Okeke’s parents taught her the value of caring for others, and the Jordan Scholars program has provided her the means to put her ambition into action—after graduating, she plans to start a non-profit, human development organization that empowers people to break out of labels and stereotypes and achieve their dreams.

“My business centers around helping others to develop confidence and building them up so they know that who they are is good enough,” she explains.  “I want to help people realize that regardless of their skin color, or where they are in life, or whether they’re rich or poor, they shouldn’t let that hold them back or restrict them."

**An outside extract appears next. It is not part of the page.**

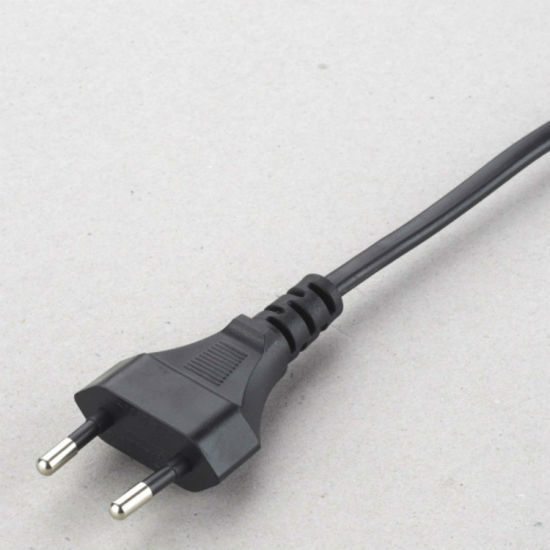 AC nap&aacute;jec&iacute; kabel s 303 sp&iacute;načem a drž&aacute;kem E14 schv&aacute;len&yacute; VDE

Okeke acknowledges that non-profit work is not always the most lucrative career path, which is why she’s grateful for the financial assistance she’s receiving as a Jordan Scholar.

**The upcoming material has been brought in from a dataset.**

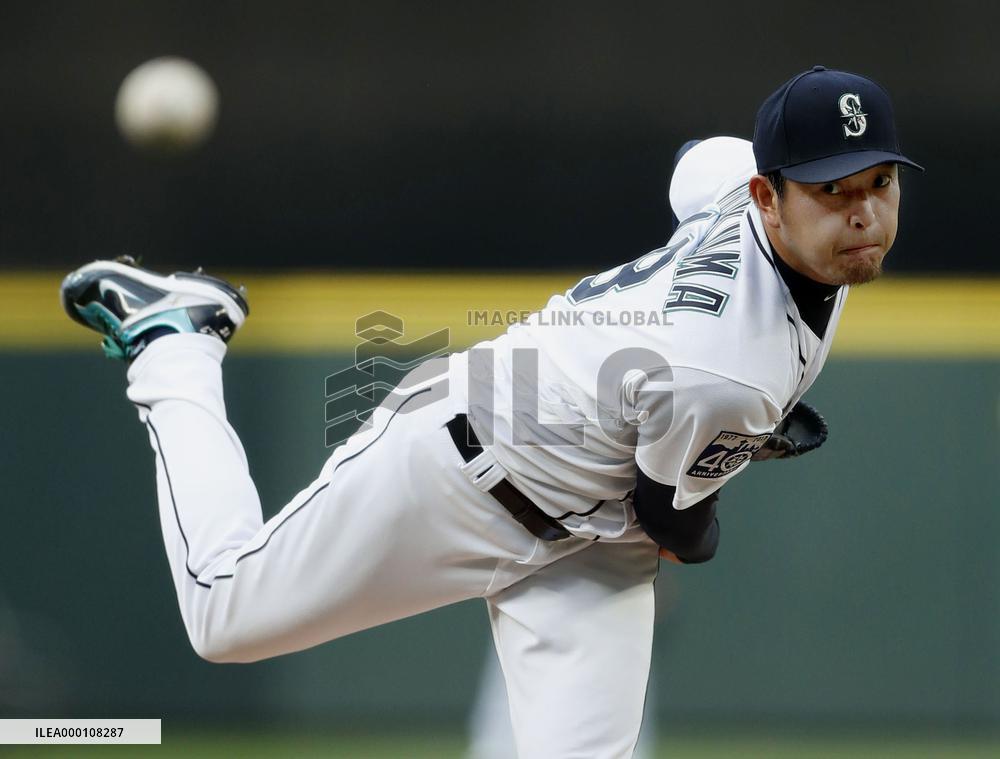 Baseball: Iwakuma gets no-decision in Mariners' win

“I’m so thankful to Robert Jordan, and appreciate what he's done for me,” Okeke says. “He didn’t have to do anything, but he did, and it has helped my family so much. It’s allowing me to do what I want in life.”

Creating opportunity

The Jordan Scholars program is also intended to close the gap between African American and white self-employment. According to a 2010 study by the Bureau of Labor and Statistics, whites were nearly two times as likely to be self-employed than African Americans, despite a University of Michigan study that showed African Americans indicate a stronger desire to be self-employed.

Through his program, Jordan hopes to encourage African American students to explore a wide variety of career options.

“I want to help the university expand its outreach, particularly for African American students,” he says. “I want them to consider opportunities that maybe they haven’t thought about before.”

Funding the future

Okeke’s entrepreneurial spirit is exactly what Jordan wants to encourage in students. He believes Northern Arizona University provided him the tools and real-world perspective he needed to be successful in his business ventures.

“The university gave me an opportunity, where maybe some schools wouldn’t have,” Jordan says. “There were a couple of classes that made me think about business through the lens of an employer. I walked away from those courses feeling as though I could build a company and follow my own path.”

When he decided to give to the university, he knew he wanted to provide students with similar opportunities.

“If other kids can receive the same type of experiences that I had, then who knows where that might take them,” he says. “I think it is about providing the tools and resources, which creates opportunity.”